# Is trigger work worth it?



## 204ruger (Jan 4, 2006)

I have only been a member for a short time and relatively new to shooting. I just purchased a Ruger M77 mark II in .204 caliber. When I read all of your postings I see that all of you talk about trigger work affecting accuracy. Do you believe this is that important? I wonder how much affect the trigger can effect accuracy. Is it important to have a soft trigger so don't "jerk" the gun? Again, I am new to this and hope that I am not asking a stupid question. Thanks


----------



## zogman (Mar 20, 2002)

You want a Clean, Crisp Trigger of around 3 lbs. JMHO :sniper: 
Just about the most imporatant single thing to do to your rifle. :soapbox:


----------



## SDHandgunner (Jun 22, 2004)

That is a hard question to answer, as each shooter is an individual and has their own likes and dislikes. Personally I would rather have a trigger that is heavy but super crisp with as little movement as possible, than have a light trigger that has a lot of movement and creep to it. That is just me.

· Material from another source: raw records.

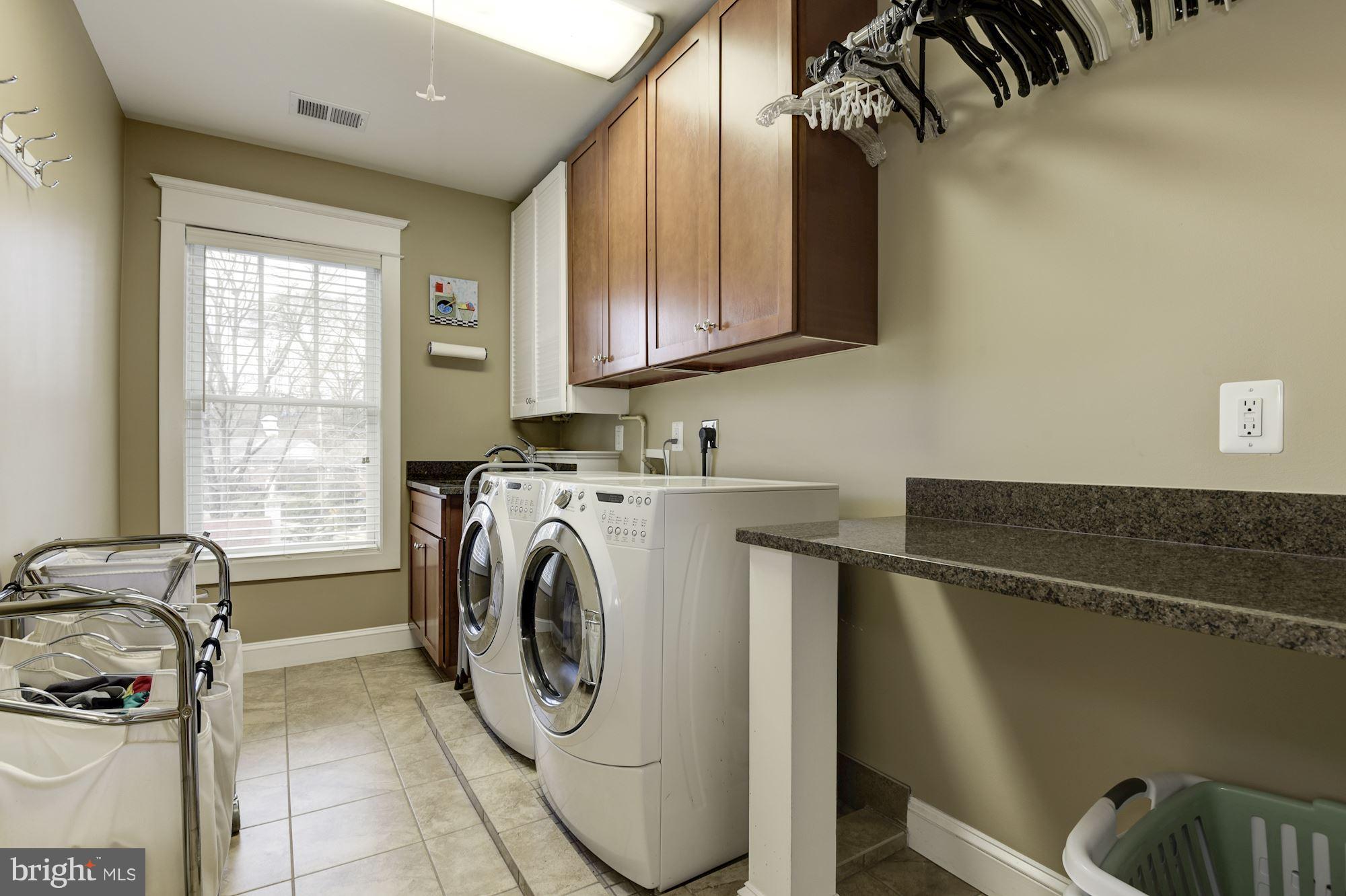 BROYHILL HILLS - Residential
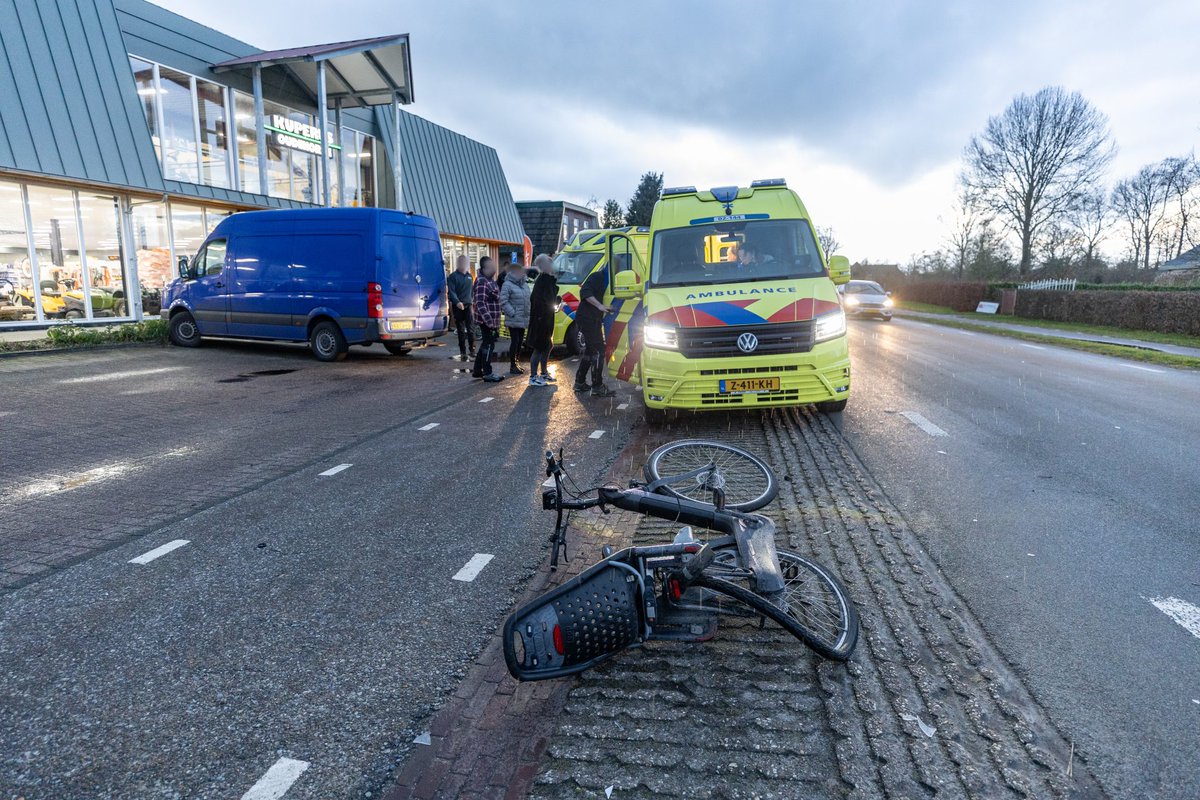 Kind en volwassene ernstig gewond na aanrijding in Oudehorne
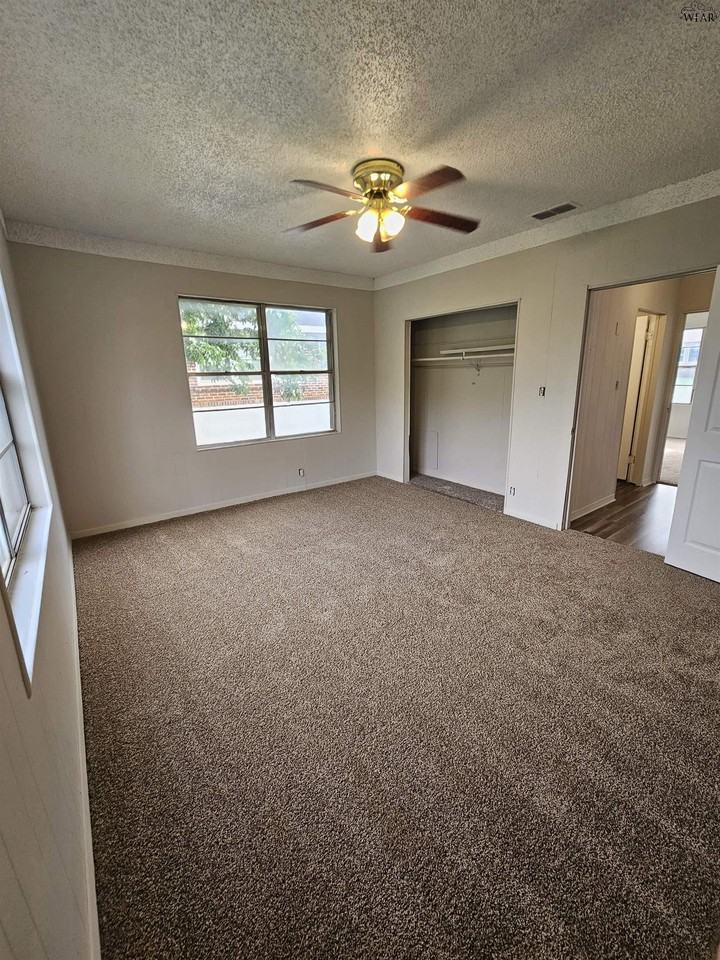 1613 Beverly Dr - Photo 5 of 9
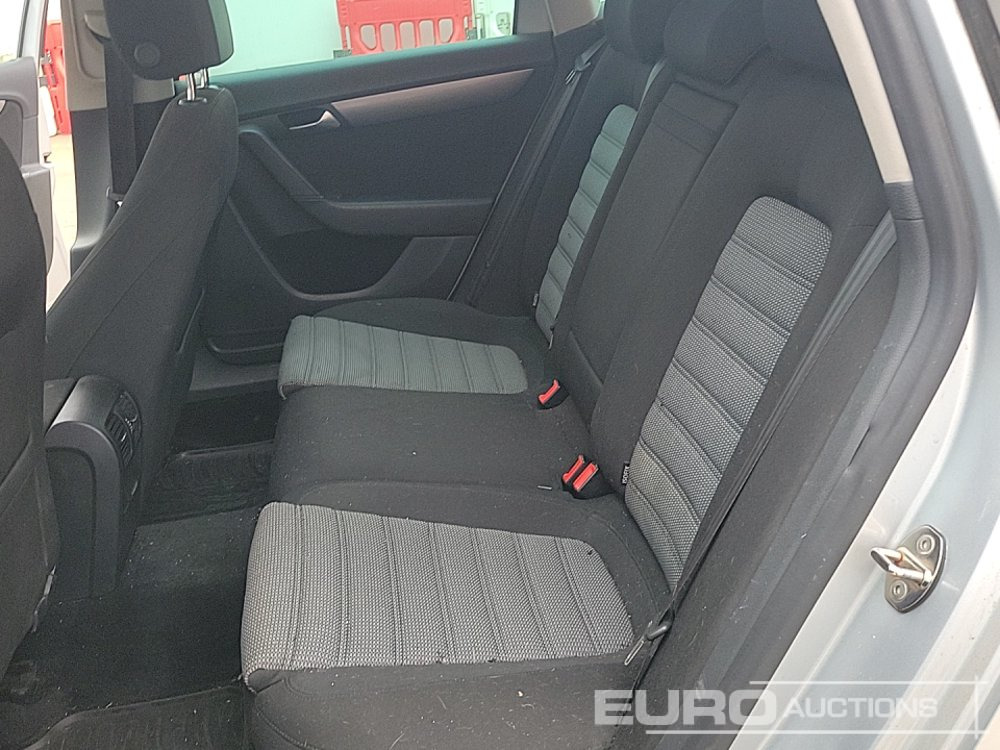 Avtomobil 2011 Volkswagen Passat: slika 22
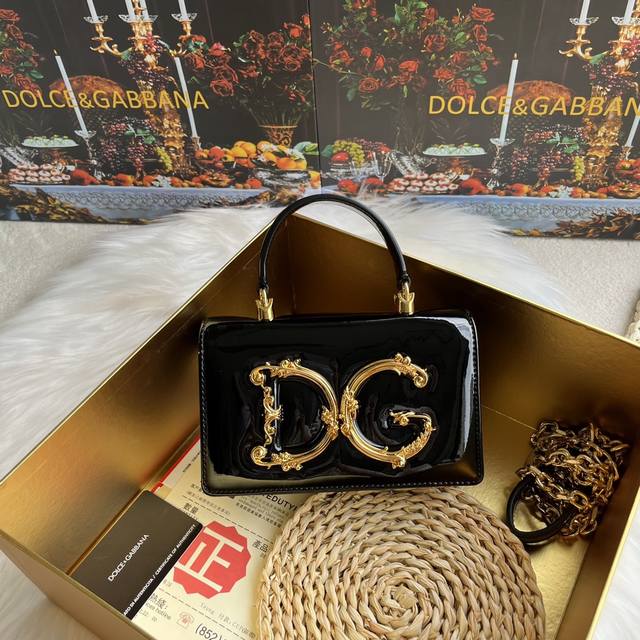 Dolce & Gabbana 杜嘉班纳 新款。款号：9111漆皮 原单 细腻手工制造 采用进口牛皮包身顶部纯手工油边 点缀dg双电镀标牌时尚潮流，正面翻盖采用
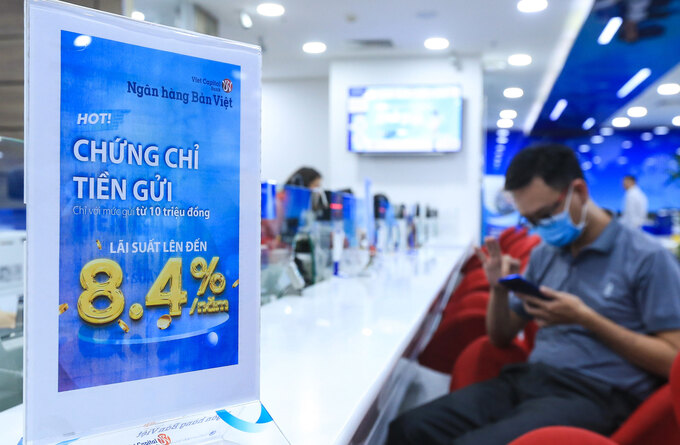 Ngay sau khi có quyết định từ Nhà điều hành, một loạt các ngân hàng thương mại đã công bố biểu lãi suất mới, với mức lãi suất áp dụng có kỳ hạn dưới 6 tháng ở phần lớn các thành viên được đẩy lên mức kịch trần mới.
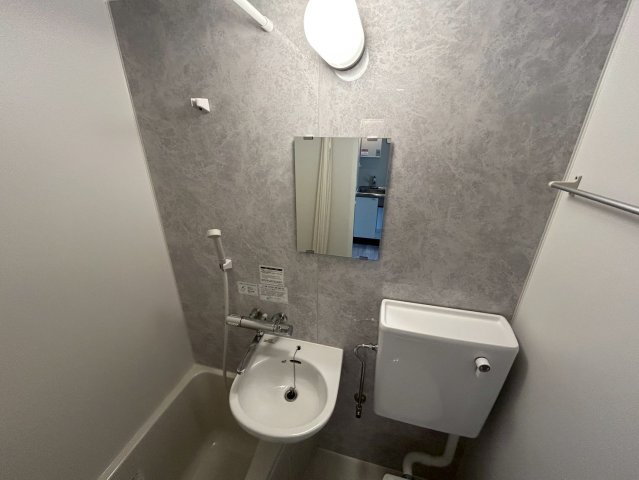 洗面設備　脱衣スペースもあります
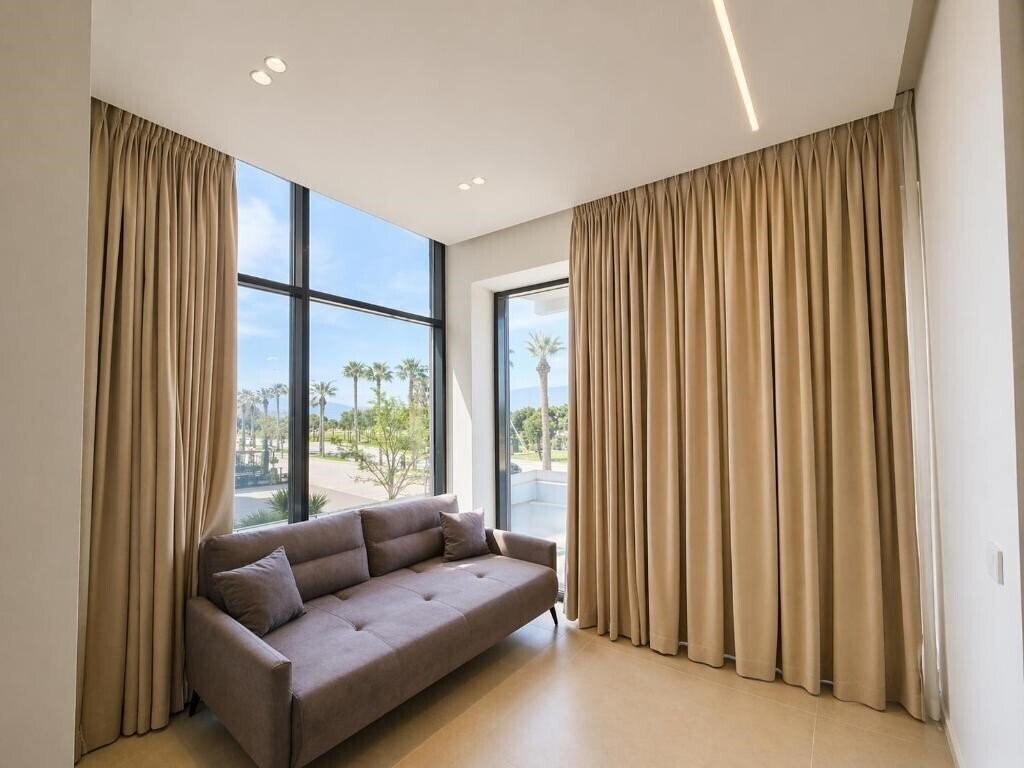 Фото Jordan's Hotel 3*
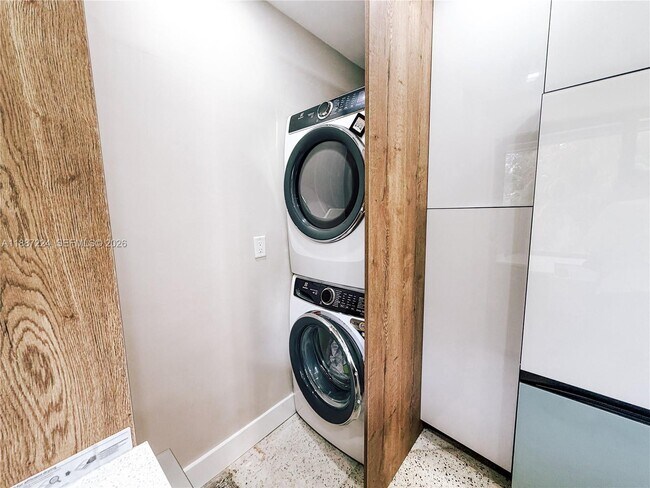 Building Photo - 425 NE 103rd St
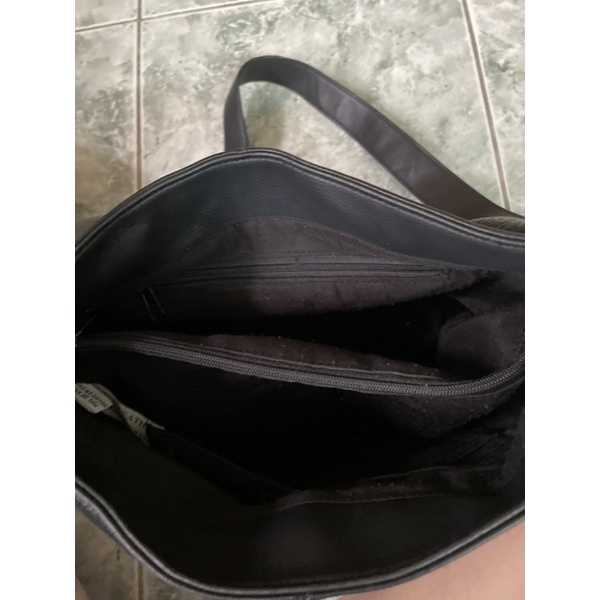 Túi đeo chéo độ mới cao da bò thật da bò dẻo mềm xài rất bền , màu đen .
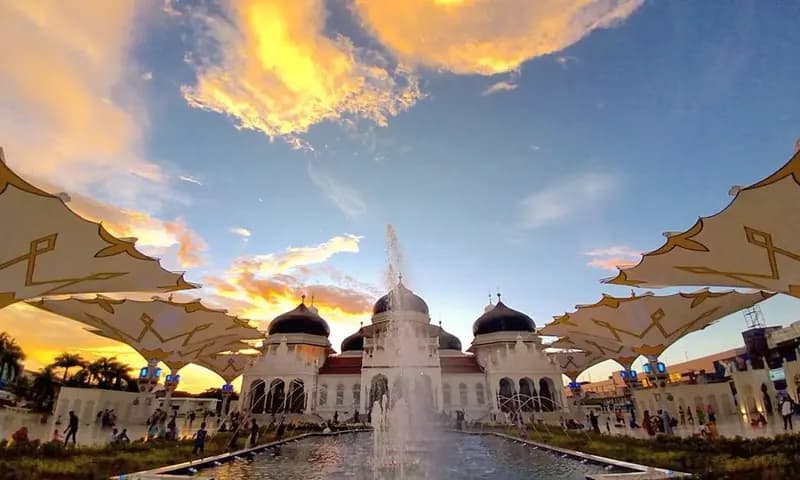 Tempat wisata di Banda Aceh (Foto: Pinterest/Fahmi Catperku)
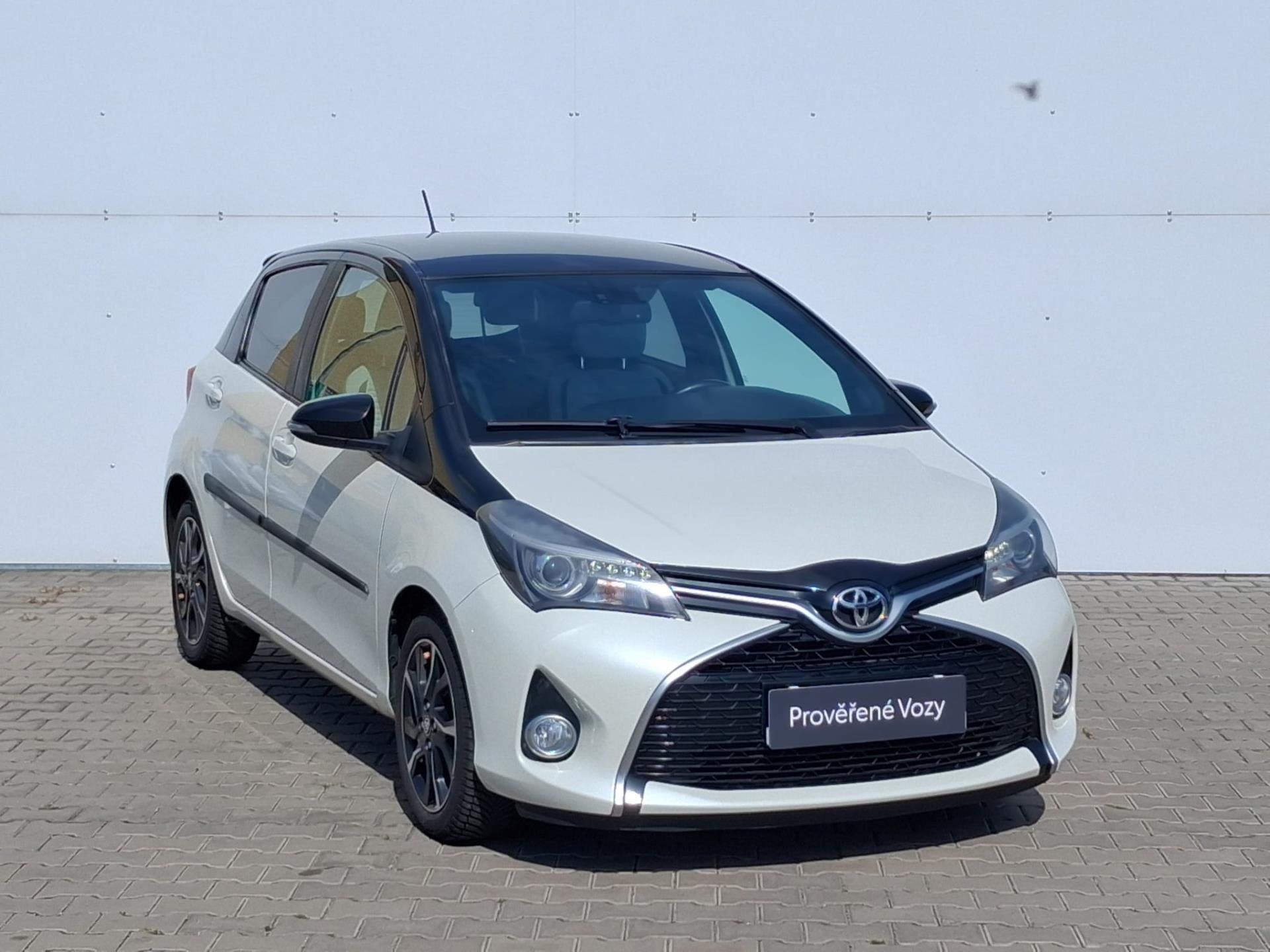 Toyota Yaris, 1.3 VVT-i Selection Smart - fotka 6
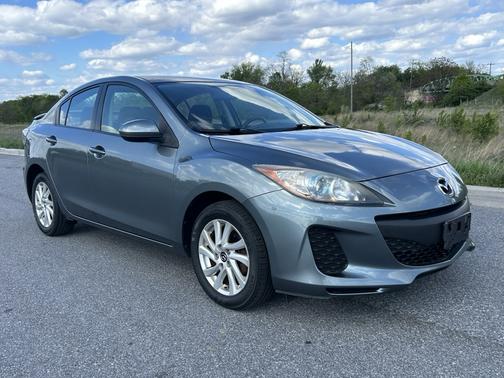 Gray 2013 Mazda Mazda3 i Touring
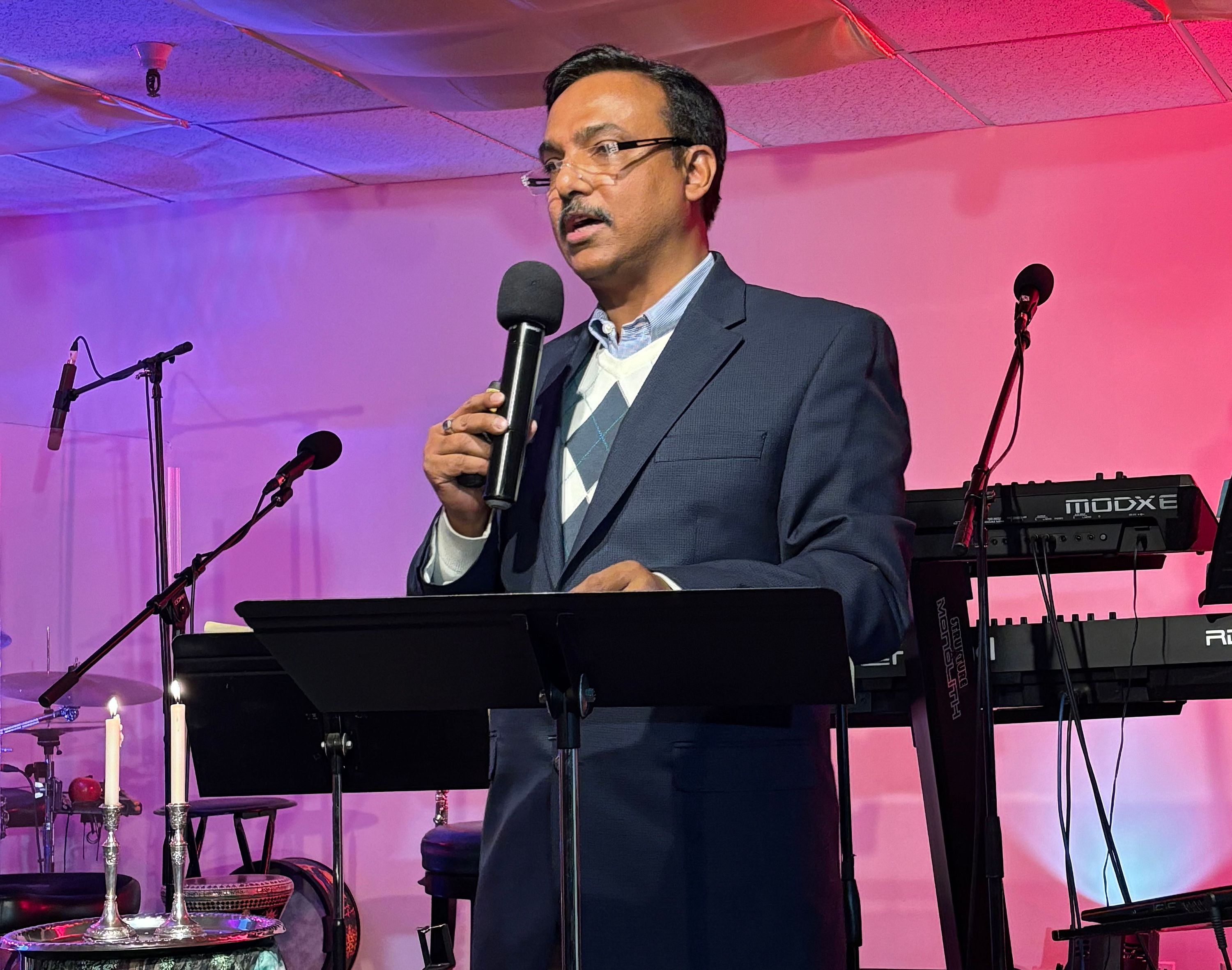The House of Prayers for All Peoples invited business professor Promothesh Chatterjee to give a lecture on Hindu teachings during the music-filled Kabbalat Shabbat service on Feb. 9.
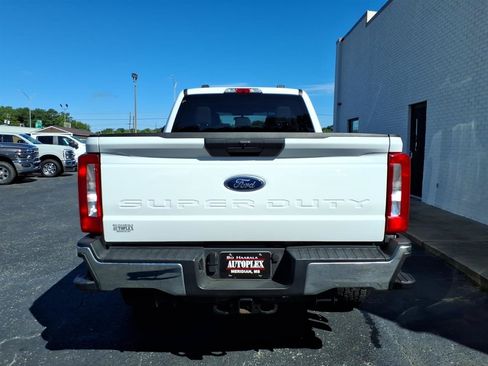 Used 2025 Ford F250 XLT AWD/4WD image 4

I feel I can shoot to my potential ONLY with a good trigger, but again that is just me. If you are mechanically inclined and fully understand how a trigger works the Ruger m77 MKII's trigger are very easily tuned to a super crisp pull. The instructions on how to tune the Ruger M77 MKII triggers can be found at http://www.centerfirecentral.com/77trigger.html .

I have done a couple dozen over the years and they are quite easy to do provided you can follow the instructions to the letter. If you attempt to tackle this yourself the main thing to remember is GO SLOW. It is much, much better to have to take it apart several times (checking as you go) that to do it all at once and go to far.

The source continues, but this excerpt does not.